Почему же так происходит и почему представители концедента не пресекают подобного развития событий? Опросы и иностранных, и отечественных чиновников свидетельствуют о том, что зачастую они считают верным осуществить «переход хода», но полагают, что практически им это сделать будет затруднительно.
Фактически у них нет никаких особых инструментов управления происходящим процессом. Они уже выбрали победителя, уже подписали с ним концессионное соглашение, и уже все об этом знают – начальники, рынок, пресса, все. Опытные участники рынка понимают, что на этапе между подписанием концессионного соглашения и финансовым закрытием представителям публичной стороны необходимо проявить завидную гибкость для того, чтобы не стать заложниками финансовых институтов. На фоне того, что рычагов особых нет, рассчитывать стоит в основном на собственные навыки и профессионализм. Притом что представители финансистов и концессионера активнейшим образом пытаются делать то же самое, пытаясь выторговать себе оптимальные условия.

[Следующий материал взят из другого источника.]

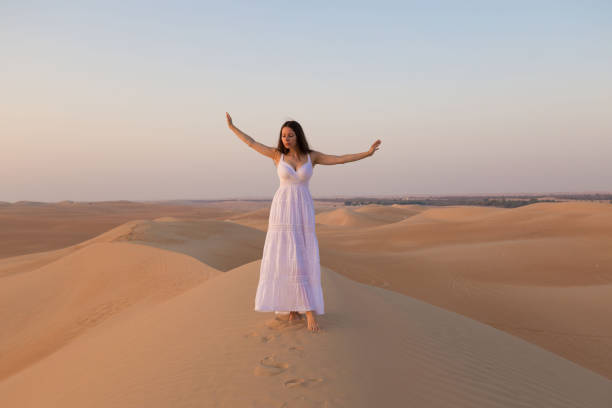 istock UAE. Woman in desert 1167186027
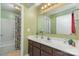 Well-lit bathroom with a tub, shower, vanity, and neutral green color scheme at 8033 Charter Oak Ln, Charlotte, NC 28226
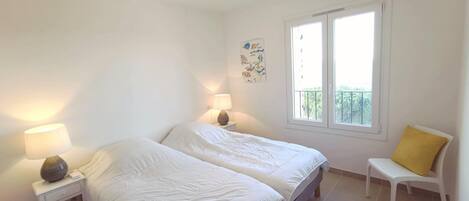 A bedroom with two beds, a nightstand with a lamp, a chair with a yellow cushion, and a window with a balcony view.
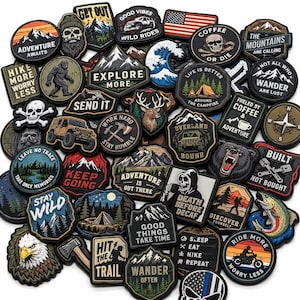 May include: A collection of assorted embroidered patches featuring outdoor themes, including mountains, skulls, wildlife, vehicles, and text such as Adventure Awaits, Explore More, Stay Wild, and Coffee or Die, arranged in a dense, overlapping pile.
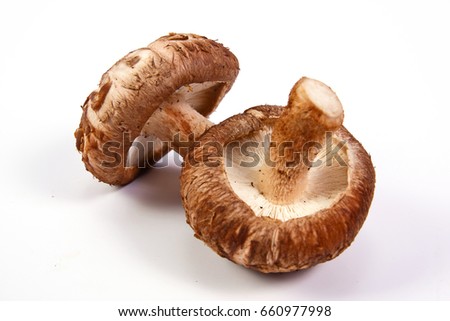 Fresh Shiitake mushroom  isolated on white background. Royalty-Free Stock Photo #660977998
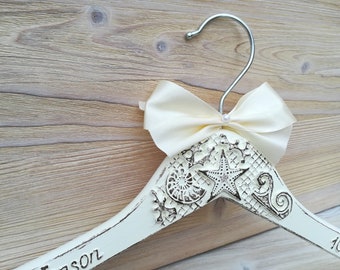 May include: White wooden hanger with a cream satin bow and a pearl embellishment. The hanger is decorated with a seashell, starfish, and intricate designs. The hanger is personalized with the name "Jason" and the date "10.7."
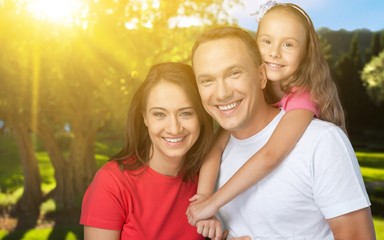 Happy smiling family with child daughter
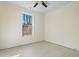 Bright bedroom with light wood flooring and a large window at 1523 Alta Vista Ln, Graham, NC 27253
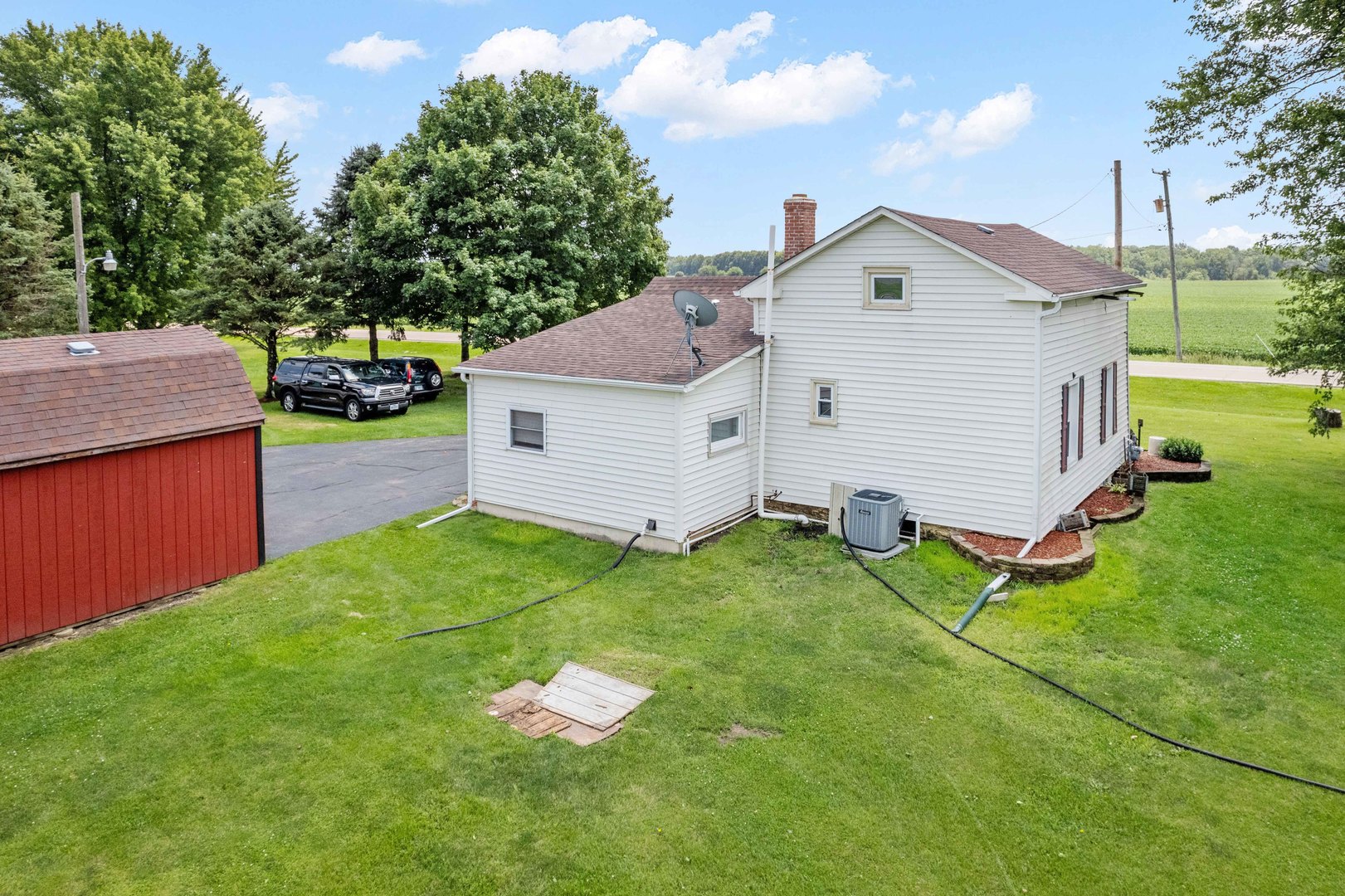 15589 Chicago Road Sandwich, IL 60548 - Photo 21 of 30 a view of a backyard with a garden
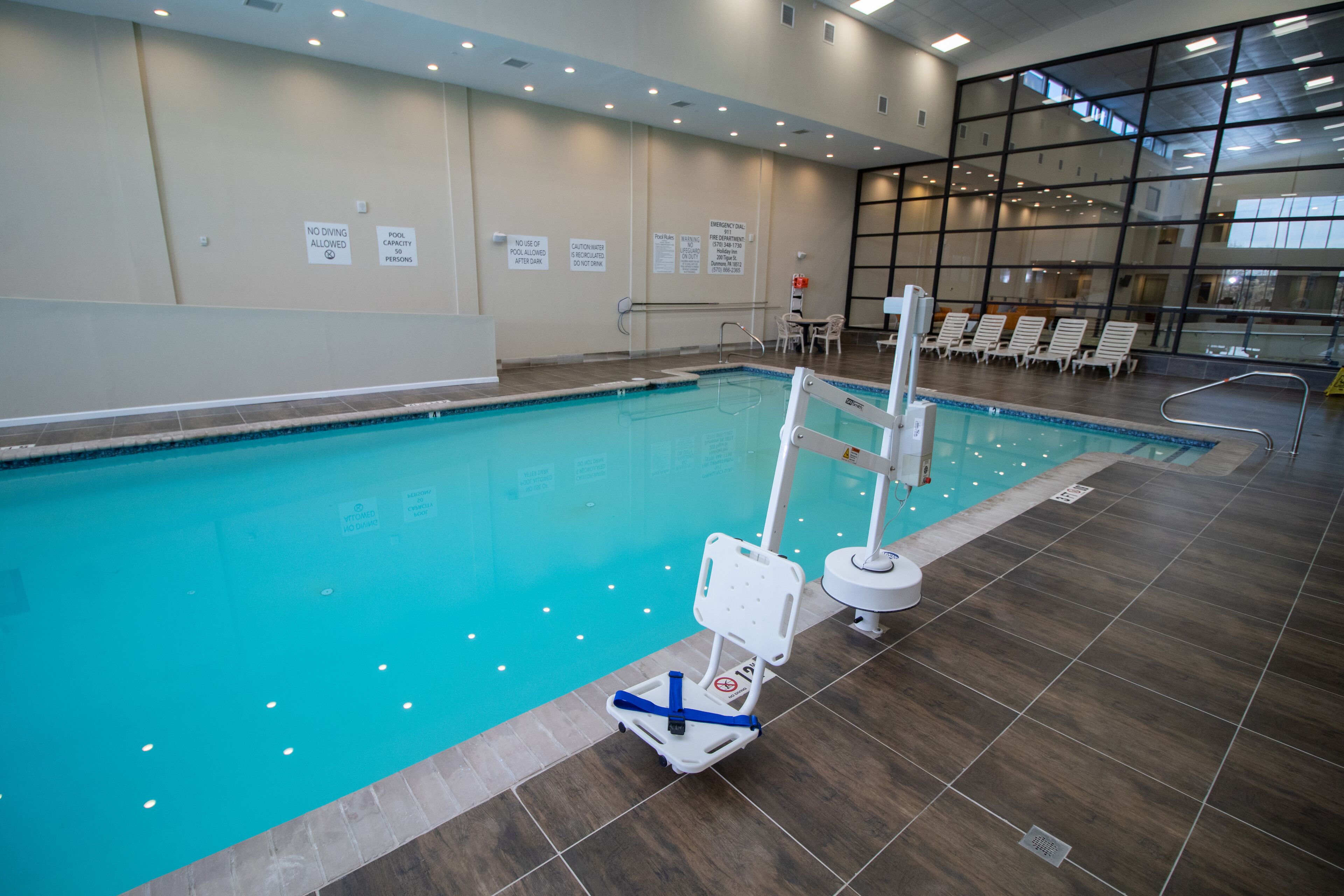 Una piscina interior con señalización clara, una silla de salvavidas y sillas de descanso.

Нужны крайне веские основания для того, чтобы неожиданно для непосвященных объявить о «переходе хода» от первого победителя ко второму. Не так-то просто решиться это сделать, даже если имеются существенные основания для этого. А как быть с тем, что есть риск того, что «номер два» в итоге выкинет такой же номер и окажется, что «номер один» отправили в отставку почем зря?
В том случае, даже если проводится параллельное конкурентное финансирование не в полном объеме, а лишь в усеченном виде – как запрос предложений для того, чтобы сформировать индикативные условия предоставления финансирования, – это уже может сыграть позитивную роль.
Такой «индикативный» ПКФ, который не является юридически обязательным, зачастую может принести не меньшую пользу, чем «жесткий». Именно данные, полученные в результате сокращенной процедуры параллельного конкурентного финансирования, являются позицией для переговоров с первым победителем. В случае же неудачи – основанием для объяснения внешнему миру, почему состоялся переход к «номеру два», и фундаментом для переговоров уже с ним.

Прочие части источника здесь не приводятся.